Quasi-ordinary hypersurfaces, multiplier ideals and local tropicalizations

TL;DR

This paper characterizes multiplier ideals and jumping numbers of quasi-ordinary hypersurfaces using toroidal resolutions, Newton polyhedra, and local tropicalizations, linking algebraic and combinatorial structures.

Contribution

It introduces a method to describe multiplier ideals of quasi-ordinary hypersurfaces via Newton polyhedra and tropical geometry, extending known monomial ideal results.

Findings

Multiplier ideals are expressed through Newton polyhedra.

Multiplier ideals are generalized monomial ideals with semi-root sequences.

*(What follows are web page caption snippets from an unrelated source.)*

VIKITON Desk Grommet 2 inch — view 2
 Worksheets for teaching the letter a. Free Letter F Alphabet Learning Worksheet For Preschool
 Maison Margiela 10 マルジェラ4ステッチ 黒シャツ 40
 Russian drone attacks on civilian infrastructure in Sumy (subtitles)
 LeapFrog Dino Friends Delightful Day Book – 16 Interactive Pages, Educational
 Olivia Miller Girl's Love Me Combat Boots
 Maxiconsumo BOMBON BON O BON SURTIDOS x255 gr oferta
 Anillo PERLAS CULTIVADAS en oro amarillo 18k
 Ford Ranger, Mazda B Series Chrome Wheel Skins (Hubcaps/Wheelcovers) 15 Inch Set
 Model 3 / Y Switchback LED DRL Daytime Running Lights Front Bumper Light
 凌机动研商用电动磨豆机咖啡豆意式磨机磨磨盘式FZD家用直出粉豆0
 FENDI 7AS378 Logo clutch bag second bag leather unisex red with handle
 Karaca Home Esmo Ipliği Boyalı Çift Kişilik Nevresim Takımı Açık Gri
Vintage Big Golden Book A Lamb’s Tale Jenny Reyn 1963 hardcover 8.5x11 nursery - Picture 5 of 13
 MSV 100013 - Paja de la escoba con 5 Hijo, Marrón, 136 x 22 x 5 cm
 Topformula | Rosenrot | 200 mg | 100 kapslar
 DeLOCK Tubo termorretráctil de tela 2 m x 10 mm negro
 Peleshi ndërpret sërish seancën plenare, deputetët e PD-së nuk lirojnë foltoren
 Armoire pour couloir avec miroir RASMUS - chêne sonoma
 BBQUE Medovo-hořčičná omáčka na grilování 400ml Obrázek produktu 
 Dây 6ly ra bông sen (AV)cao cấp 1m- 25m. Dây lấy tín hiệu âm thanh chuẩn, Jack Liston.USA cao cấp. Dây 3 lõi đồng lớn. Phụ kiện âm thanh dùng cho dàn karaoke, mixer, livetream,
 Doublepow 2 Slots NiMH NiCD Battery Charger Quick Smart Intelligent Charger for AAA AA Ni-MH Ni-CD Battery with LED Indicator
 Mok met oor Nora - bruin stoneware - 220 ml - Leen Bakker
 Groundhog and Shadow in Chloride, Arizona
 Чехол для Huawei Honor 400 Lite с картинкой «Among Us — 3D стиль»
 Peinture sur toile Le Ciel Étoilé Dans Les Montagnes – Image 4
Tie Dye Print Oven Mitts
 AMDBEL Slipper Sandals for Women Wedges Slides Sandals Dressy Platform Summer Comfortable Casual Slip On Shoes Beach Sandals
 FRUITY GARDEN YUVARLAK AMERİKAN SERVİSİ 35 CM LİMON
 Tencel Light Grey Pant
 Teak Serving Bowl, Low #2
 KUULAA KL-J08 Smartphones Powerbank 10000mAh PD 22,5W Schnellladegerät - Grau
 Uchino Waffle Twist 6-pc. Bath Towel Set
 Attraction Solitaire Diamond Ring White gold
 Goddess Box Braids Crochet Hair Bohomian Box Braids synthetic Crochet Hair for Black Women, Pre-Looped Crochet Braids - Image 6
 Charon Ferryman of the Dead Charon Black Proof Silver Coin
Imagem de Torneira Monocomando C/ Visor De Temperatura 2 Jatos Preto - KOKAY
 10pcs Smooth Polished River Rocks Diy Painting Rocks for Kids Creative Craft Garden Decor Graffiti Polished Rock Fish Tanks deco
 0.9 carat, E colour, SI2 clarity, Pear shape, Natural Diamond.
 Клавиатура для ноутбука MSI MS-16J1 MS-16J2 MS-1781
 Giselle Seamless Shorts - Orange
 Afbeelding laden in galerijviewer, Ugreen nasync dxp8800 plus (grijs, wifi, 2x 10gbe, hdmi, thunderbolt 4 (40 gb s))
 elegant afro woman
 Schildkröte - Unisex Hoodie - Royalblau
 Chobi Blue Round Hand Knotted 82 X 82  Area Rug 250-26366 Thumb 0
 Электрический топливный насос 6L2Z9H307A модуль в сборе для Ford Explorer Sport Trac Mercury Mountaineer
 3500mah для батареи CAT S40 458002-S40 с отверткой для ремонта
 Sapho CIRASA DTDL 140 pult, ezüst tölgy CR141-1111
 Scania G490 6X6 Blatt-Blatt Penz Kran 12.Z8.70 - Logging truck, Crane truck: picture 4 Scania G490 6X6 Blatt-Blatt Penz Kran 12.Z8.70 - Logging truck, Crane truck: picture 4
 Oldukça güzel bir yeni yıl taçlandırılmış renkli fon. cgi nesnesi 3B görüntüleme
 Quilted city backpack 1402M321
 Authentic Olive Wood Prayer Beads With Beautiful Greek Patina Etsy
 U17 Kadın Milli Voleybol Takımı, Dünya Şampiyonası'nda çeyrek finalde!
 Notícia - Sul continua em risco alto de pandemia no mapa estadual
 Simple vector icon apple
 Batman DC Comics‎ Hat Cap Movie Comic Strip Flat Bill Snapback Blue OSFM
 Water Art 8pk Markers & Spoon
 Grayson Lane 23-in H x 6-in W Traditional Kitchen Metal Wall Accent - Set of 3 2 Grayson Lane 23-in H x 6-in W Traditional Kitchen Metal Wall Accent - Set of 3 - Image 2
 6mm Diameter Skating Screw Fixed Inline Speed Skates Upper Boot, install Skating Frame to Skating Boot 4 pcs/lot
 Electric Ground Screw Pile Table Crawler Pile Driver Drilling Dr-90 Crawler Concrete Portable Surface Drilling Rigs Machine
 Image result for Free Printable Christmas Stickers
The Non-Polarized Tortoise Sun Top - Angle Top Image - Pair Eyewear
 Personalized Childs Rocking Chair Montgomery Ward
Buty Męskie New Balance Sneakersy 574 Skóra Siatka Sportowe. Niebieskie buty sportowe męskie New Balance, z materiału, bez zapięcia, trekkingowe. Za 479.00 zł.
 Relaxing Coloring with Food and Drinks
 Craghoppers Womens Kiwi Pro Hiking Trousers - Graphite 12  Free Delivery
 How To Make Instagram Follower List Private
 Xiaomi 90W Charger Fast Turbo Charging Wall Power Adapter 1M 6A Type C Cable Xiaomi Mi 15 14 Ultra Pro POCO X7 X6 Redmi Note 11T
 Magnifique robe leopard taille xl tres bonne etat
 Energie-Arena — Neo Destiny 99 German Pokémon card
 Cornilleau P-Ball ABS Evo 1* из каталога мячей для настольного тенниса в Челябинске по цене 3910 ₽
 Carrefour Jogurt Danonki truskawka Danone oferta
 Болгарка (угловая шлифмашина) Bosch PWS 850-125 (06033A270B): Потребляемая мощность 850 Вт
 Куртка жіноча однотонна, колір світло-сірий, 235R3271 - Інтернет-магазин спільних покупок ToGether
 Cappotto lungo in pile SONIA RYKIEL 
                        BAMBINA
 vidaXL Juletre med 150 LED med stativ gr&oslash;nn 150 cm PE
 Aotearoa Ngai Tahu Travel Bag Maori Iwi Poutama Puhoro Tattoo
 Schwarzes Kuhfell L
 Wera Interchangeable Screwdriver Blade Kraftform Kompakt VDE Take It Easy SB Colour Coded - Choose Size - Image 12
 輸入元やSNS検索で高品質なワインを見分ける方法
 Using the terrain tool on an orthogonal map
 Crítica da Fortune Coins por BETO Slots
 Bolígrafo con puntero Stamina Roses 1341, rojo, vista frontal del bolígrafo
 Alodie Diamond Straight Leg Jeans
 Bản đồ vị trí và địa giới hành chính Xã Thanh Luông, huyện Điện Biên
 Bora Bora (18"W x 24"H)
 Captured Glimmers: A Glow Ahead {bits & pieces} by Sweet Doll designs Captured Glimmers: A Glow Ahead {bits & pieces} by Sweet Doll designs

Local tropicalization forms a fan determined by the hypersurface's topological type.

Abstract

In this paper we describe the multiplier ideals and jumping numbers associated with an irreducible germ of quasi-ordinary hypersurface $(D, 0) \subset (\mathbb{C}^{d+1}, 0)$ by using a toroidal embedded resolution. The approach is motivated by Howald's description of the multiplier ideals of monomial ideals. We show that the multiplier ideals of $D$ can be expressed in terms of a finite sequence of Newton polyhedra associated with the total transform of $D$ in the toroidal resolution process. We prove that the multiplier ideals are generalized monomial ideals with respect to a complete sequence of semi-roots. This is a finite sequence of functions which determines a system of generators of the semigroup of the quasi-ordinary hypersurface. We express these results in terms of the local tropicalization associated with the embedding of $\mathbb{C}^{d+1}$ defined by this sequence. We prove that the local tropicalization is the support of a fan of the lattice $\mathbb{Z}^{d+g+1}$, which is determined by the embedded topological type of $(D, 0) \subset (\mathbb{C}^{d+1}, 0)$.